Worry if scooting is frequent or constant, if you see swelling, redness, blood, pus, or a foul smell near the anus, or if your dog seems painful or keeps licking the area. These can signal impacted or infected anal glands or another problem. Occasional, brief scooting that stops on its own is less urgent, but ongoing scooting needs a vet.
You stop the scooting by fixing what's causing the irritation, not by stopping the behavior itself. That usually means having the anal glands checked and expressed if needed, ruling out parasites and allergies, and keeping the area clean. Once the underlying irritation is resolved, the scooting stops on its own.

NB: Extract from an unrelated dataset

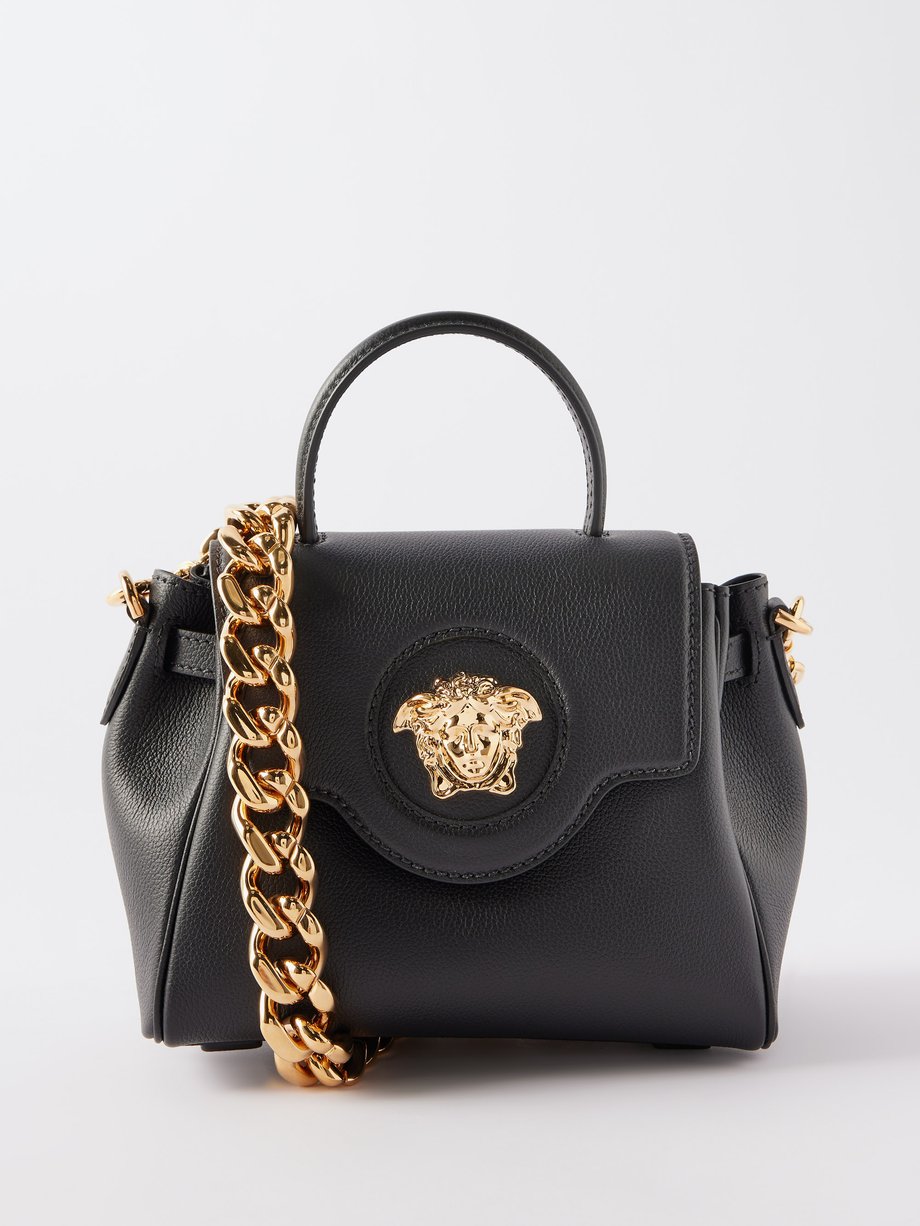 Versace Women's Black Medusa Textured Leather Crossbody Bag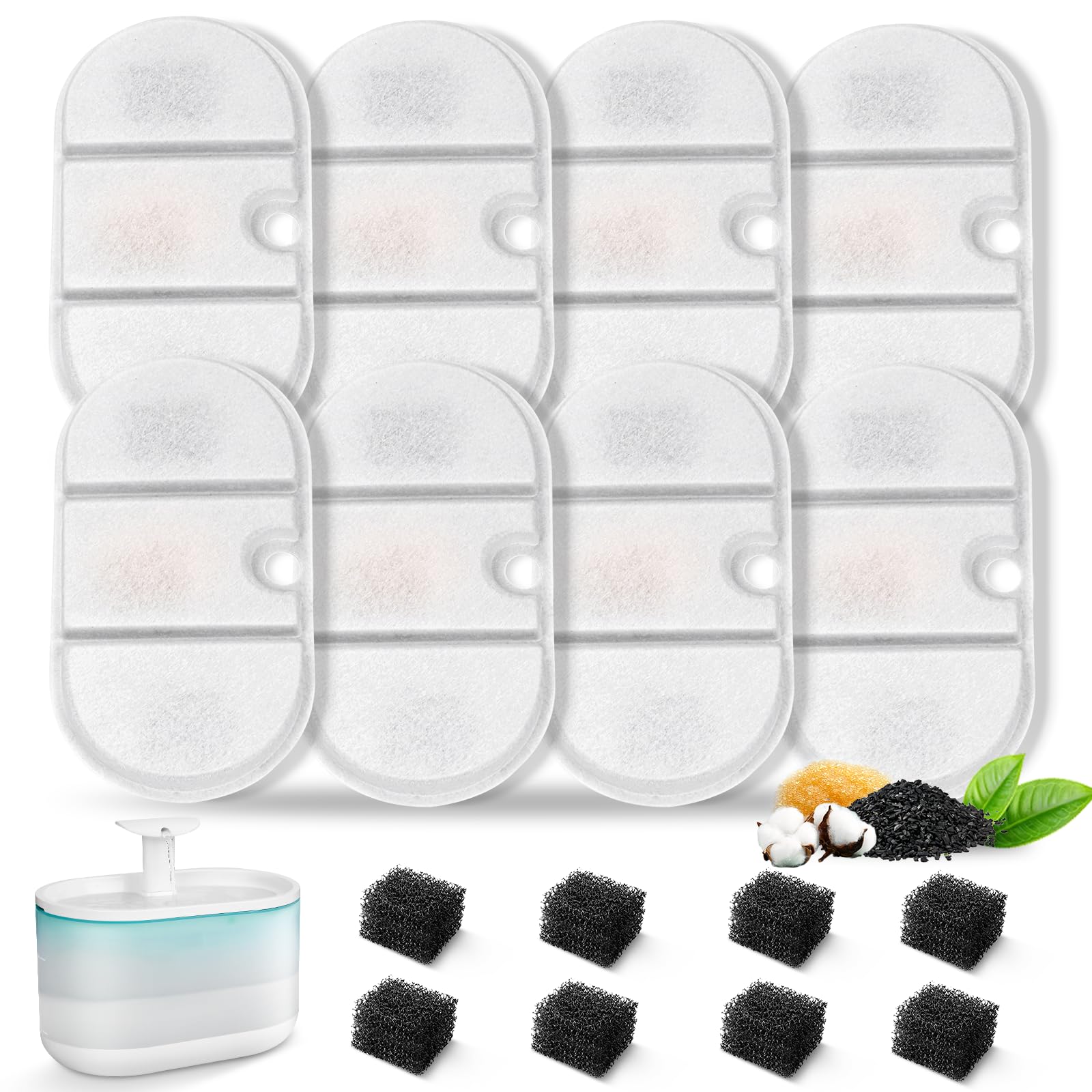 16 Packs Replacement Cat Water Fountain Filters Compatible with PETLIBRO Capsule Pet Water Fountain: PLWF002,71oz/2.1L Ultra Quiet-BPA-Free, Two Flow Modes Pet Dispenser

Anal gland problems, the top cause of scooting, are more common in small breeds like Chihuahuas, Toy Poodles, and small terriers, and in overweight dogs of any breed. Dogs with allergies or chronic soft stool also scoot more, since both interfere with normal gland emptying. Any dog can scoot, though, so the cause matters more than the breed.
Yes. Anal glands normally empty when firm stool presses on them during a bowel movement, so soft stool or diarrhea can leave them full and irritated. Diarrhea can also leave residue that irritates the skin around the anus. Resolving the digestive upset, and getting the glands checked, usually clears the scooting that follows.